The solutions which we describe here could be implemented as default behaviours for the table. Should a party wish to establish representational communication, a gesture (corporeal, spoken, GUI-based, etc.) could be used to “clarify” the visual and auditory streams, replacing the low-res information with full-frequency audio and full-resolution video. In sync with our concerns in the social protocol aspect of the design, “opening of the table” should be designed to require a two-way handshake (the same way in which invitations to voice or video calls work in Skype). Alternately, each side could autonomously decide to clarify or obscure their streams independent of the status of the other side’s streams. The important point, we believe, is that in a perpetually-running communication system, the broadcasting or storage of data should require voluntary and intentional initialization.

4.3 Recording

Managing the storage and archiving of the recorded media presents multiple challenges on the technical and interaction levels, and on the level of administering the availability of the content. Recording long sessions and storing them on local hard drive has resulted with very large file sizes, and presented us with the danger of losing the entire content in case of a software crash during the recording process. We suggest an implementation that sets a maximum buffer length for recorded media, which splits long recording sessions across multiple files, thus preserving the content from any software-caused loss or damage, and allows for the implementation of a distributed archival system over multiple storage units. Future implementations will include a management console that allows users on each side to control the availability of their recorded content.
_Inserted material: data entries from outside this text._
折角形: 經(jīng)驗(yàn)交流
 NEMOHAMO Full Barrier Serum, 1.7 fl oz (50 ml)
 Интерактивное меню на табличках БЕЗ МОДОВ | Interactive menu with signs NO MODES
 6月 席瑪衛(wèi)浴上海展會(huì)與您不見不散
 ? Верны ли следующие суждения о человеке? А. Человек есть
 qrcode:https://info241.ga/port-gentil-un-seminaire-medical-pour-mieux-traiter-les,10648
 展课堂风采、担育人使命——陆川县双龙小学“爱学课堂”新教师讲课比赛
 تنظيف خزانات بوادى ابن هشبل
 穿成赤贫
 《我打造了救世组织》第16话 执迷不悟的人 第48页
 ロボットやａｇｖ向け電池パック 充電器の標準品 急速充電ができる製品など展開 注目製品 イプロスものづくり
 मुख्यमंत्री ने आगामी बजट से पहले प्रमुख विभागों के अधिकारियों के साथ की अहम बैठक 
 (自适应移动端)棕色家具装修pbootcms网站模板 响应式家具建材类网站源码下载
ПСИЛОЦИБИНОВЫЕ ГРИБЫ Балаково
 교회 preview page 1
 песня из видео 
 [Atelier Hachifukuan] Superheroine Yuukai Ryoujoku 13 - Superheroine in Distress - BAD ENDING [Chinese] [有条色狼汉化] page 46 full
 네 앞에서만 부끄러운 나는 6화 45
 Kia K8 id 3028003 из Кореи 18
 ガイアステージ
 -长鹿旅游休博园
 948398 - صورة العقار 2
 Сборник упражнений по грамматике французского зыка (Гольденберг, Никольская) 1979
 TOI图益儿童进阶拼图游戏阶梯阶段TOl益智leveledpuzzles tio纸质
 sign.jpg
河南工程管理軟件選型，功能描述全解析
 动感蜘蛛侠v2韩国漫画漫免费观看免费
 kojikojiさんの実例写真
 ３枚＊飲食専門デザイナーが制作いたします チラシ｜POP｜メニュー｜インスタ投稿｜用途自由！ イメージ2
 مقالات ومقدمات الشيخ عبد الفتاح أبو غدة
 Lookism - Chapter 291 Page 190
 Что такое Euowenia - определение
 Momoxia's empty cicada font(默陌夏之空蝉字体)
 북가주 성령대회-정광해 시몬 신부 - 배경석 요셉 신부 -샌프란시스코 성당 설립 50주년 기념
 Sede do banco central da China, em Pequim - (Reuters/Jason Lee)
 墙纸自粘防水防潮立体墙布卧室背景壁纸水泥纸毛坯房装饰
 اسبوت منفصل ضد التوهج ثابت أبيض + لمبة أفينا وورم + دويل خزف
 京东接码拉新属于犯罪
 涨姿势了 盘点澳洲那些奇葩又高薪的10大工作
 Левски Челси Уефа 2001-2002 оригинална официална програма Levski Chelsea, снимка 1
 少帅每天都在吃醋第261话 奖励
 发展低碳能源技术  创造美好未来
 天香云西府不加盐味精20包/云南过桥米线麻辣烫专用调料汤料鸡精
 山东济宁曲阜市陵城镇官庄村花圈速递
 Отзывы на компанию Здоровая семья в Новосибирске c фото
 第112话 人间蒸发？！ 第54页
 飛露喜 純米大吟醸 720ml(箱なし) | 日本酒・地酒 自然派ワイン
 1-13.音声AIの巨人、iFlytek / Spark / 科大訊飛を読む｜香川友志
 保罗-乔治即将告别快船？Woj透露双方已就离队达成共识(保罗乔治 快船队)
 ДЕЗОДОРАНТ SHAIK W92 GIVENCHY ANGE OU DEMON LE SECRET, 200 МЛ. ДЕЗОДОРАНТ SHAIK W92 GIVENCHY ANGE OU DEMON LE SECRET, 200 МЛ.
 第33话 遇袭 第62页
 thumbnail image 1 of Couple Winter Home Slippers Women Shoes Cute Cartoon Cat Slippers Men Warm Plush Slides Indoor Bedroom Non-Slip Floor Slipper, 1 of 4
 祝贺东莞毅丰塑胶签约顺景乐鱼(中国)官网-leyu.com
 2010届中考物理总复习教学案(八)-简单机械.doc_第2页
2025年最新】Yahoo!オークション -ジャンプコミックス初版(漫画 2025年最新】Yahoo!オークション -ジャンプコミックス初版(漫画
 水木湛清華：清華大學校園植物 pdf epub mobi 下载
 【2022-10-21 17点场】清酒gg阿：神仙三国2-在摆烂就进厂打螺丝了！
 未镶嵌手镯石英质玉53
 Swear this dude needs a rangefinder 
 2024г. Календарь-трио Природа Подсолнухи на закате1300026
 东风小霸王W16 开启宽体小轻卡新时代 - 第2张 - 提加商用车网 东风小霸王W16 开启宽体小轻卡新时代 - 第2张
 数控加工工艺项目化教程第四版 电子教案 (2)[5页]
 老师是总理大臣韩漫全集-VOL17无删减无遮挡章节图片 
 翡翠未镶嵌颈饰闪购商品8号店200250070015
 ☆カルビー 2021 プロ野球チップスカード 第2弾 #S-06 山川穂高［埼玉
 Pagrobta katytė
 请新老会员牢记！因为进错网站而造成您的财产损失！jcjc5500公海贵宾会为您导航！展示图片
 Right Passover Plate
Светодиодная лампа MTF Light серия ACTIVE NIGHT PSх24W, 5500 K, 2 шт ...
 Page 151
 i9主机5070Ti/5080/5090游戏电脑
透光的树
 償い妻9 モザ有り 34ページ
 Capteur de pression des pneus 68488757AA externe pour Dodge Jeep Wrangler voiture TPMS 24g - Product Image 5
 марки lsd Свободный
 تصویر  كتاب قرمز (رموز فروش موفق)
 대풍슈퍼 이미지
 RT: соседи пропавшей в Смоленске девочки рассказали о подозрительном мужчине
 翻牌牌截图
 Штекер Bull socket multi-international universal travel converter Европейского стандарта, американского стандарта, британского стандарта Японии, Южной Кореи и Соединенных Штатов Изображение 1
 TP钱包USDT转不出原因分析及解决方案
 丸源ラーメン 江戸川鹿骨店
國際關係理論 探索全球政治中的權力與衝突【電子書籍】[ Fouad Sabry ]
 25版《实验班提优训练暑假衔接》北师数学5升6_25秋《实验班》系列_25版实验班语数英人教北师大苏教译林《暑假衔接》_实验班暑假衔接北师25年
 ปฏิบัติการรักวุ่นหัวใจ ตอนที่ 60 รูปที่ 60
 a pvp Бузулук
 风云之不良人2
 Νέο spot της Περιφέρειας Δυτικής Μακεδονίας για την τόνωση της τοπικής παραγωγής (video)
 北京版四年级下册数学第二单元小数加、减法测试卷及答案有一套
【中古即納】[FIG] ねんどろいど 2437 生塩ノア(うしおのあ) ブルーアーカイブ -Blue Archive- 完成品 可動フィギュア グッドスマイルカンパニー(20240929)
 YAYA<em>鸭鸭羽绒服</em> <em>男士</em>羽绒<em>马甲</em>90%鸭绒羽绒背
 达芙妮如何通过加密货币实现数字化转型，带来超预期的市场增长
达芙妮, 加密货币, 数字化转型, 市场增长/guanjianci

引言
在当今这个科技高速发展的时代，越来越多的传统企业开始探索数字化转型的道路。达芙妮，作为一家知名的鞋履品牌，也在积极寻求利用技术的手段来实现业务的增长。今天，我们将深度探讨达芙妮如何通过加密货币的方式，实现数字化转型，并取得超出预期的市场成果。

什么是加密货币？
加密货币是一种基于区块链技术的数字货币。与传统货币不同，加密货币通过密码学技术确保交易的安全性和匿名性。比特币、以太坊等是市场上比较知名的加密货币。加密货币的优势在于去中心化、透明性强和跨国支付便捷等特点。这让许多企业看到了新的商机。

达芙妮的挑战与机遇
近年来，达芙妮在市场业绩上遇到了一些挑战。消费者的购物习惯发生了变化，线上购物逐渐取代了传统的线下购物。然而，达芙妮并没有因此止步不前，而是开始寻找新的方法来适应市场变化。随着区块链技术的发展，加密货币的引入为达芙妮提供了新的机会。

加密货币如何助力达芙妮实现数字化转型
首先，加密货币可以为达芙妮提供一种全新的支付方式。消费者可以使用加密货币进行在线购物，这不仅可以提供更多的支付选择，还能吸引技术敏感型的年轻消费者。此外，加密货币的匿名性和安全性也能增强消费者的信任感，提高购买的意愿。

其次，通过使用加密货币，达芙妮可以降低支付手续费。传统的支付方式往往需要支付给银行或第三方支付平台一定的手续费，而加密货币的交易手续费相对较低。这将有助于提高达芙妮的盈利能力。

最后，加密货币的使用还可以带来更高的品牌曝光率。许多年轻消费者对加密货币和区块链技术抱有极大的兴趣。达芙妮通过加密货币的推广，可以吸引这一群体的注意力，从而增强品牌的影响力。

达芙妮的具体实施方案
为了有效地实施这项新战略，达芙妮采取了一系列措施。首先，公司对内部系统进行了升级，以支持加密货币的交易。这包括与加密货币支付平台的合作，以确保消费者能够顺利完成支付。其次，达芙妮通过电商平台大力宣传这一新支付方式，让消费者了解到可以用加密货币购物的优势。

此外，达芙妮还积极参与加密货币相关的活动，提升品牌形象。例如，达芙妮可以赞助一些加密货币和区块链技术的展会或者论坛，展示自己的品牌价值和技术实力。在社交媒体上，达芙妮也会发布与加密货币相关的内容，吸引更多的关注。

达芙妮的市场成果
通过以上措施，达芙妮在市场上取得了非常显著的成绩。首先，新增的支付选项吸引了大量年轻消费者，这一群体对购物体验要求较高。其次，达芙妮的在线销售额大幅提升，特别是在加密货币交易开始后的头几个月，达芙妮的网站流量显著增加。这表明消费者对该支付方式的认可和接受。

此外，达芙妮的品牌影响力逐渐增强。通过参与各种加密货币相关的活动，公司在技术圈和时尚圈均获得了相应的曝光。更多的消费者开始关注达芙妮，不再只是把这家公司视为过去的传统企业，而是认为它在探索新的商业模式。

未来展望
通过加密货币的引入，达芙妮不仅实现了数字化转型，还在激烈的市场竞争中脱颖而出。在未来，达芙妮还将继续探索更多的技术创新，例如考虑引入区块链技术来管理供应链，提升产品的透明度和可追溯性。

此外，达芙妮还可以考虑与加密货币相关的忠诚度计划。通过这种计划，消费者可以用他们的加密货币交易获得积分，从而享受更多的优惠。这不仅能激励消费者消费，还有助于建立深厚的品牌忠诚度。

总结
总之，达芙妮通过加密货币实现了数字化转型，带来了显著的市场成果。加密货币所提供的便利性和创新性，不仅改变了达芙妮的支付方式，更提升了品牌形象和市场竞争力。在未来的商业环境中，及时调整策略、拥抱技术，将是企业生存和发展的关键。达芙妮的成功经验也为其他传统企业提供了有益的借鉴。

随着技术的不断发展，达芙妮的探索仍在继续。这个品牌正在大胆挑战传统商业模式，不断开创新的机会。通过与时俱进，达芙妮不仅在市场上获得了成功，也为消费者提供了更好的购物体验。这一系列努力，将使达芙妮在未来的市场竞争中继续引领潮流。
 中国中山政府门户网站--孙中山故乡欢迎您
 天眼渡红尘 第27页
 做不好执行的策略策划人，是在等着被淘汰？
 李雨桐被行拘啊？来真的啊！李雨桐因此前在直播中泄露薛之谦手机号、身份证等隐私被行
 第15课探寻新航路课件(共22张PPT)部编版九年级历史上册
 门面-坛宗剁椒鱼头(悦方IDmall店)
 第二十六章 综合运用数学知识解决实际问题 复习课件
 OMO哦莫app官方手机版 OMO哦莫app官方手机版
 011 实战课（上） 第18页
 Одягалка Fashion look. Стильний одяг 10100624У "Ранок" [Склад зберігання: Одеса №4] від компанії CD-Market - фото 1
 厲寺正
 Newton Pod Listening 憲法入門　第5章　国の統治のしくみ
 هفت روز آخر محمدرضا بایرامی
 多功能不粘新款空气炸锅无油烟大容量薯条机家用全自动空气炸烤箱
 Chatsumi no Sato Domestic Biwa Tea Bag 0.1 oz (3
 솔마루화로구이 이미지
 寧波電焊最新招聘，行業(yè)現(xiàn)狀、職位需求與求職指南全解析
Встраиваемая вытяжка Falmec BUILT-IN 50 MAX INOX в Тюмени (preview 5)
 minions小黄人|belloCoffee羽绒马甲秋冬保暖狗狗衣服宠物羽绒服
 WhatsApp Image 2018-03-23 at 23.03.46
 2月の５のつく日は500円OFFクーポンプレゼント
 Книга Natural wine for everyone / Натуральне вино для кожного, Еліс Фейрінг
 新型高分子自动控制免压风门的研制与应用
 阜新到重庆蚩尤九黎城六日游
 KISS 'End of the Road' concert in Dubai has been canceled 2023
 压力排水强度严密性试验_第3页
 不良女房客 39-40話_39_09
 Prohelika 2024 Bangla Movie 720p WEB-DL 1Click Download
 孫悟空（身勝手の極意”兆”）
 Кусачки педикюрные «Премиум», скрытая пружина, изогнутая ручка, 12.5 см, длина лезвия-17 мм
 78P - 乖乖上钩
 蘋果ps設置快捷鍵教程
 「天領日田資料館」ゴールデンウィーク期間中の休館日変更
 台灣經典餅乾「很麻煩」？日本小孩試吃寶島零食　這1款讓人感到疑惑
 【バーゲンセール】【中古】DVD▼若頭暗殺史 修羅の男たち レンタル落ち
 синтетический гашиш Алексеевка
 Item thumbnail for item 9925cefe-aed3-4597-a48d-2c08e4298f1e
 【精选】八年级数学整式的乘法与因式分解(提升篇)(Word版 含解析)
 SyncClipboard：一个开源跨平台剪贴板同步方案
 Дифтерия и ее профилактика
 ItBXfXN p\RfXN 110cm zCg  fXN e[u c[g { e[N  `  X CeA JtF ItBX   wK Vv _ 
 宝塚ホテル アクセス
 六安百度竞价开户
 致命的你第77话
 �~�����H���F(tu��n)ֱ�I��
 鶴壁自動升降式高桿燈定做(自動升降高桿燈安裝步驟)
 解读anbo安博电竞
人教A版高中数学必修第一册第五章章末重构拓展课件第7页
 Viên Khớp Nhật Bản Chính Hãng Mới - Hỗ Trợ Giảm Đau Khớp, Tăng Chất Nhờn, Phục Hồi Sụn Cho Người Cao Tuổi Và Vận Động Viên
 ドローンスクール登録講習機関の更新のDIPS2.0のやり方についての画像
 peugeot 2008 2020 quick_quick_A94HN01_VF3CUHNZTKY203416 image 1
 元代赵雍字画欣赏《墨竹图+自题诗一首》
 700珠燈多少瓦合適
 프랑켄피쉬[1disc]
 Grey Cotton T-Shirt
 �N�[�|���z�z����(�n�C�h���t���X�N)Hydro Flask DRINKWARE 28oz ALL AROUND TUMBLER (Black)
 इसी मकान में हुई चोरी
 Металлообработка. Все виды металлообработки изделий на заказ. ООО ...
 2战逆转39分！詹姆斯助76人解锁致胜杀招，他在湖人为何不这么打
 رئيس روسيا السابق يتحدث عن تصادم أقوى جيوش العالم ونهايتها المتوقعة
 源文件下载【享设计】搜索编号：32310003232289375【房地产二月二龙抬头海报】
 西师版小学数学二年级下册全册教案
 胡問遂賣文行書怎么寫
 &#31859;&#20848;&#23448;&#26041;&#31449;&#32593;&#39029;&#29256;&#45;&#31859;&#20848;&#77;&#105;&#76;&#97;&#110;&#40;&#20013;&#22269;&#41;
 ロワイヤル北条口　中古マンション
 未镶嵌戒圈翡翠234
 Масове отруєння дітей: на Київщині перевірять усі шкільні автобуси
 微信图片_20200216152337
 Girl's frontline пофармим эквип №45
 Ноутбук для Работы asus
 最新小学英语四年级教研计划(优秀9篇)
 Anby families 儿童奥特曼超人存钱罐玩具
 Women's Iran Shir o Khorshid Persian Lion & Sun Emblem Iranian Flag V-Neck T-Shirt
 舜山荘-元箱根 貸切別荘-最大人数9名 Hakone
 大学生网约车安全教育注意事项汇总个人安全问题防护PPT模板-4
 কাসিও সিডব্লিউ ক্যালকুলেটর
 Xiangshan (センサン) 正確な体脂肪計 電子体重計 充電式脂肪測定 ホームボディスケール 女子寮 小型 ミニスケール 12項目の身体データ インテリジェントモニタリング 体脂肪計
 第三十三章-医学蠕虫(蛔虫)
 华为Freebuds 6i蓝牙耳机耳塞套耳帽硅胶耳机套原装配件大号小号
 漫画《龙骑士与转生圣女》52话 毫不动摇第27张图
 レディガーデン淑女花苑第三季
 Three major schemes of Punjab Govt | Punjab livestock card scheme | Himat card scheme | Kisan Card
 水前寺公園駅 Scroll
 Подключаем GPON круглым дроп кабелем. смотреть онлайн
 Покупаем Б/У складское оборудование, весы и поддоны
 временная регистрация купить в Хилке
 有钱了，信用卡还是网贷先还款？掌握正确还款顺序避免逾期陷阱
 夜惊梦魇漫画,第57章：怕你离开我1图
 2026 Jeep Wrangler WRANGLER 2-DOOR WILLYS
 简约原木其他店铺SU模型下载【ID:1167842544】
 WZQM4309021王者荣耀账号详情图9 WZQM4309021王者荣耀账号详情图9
We suggest another poetic way for users to interact with the table’s video feed over time; objects left on the table for a certain period of time could “burn in” to the video feed, with their images persisting for a duration that corresponded exponentially to the duration of their physical presence on the table, with the option to dismiss the burn effect with gestural or timed expiry system. This effect could run in parallel to our above-described recording format, with the former being suitable for giving a sense of temporally-distorted presence and the latter being more suited to representational purposes (e.g. the archiving of seminars).

4.4 Time Differences

The time difference between Phoenix and Montreal has so far not been of major consequence, as it is easy enough to follow standard protocol for planning geographically-remote meetings and make the time difference explicit in scheduling. Larger time differences move work days more significantly out of sync; which presents a design challenge for developing combined live/recorded effects to most effectively suture these spaces. We are interested in further investigating the social protocols which emerge from this configuration. These will include preparing for the scenarios where one party would leading the other one in the conversation (e.g. Athens would be recording events that Phoenix would later view), and the case where the two parties would treat the system as a way to leave audiovisual messages for each other. Although we consider these circumstances relating to the genre of intentional, planned activity that the table has mostly been used for to date - the question of how time differences might affect the perception of occasional/casual activity around the table while it is perpetually running feels is another question we are interested in pursuing.

5 Conclusion

In this paper, we presented the results of experiments with a table-based video conferencing system. We began by outlining the technical specifications of this system. Our focus was to share our observations regarding the emergent social protocols of this system, such as turn-taking, interleaving recorded and live video materials, interactions in physical space, etiquette, and multiple simultaneous streams of communication. Finally, we propose future areas of development in this project, including changes to interfacing, considerations of privacy, and the more organic integration of playback materials.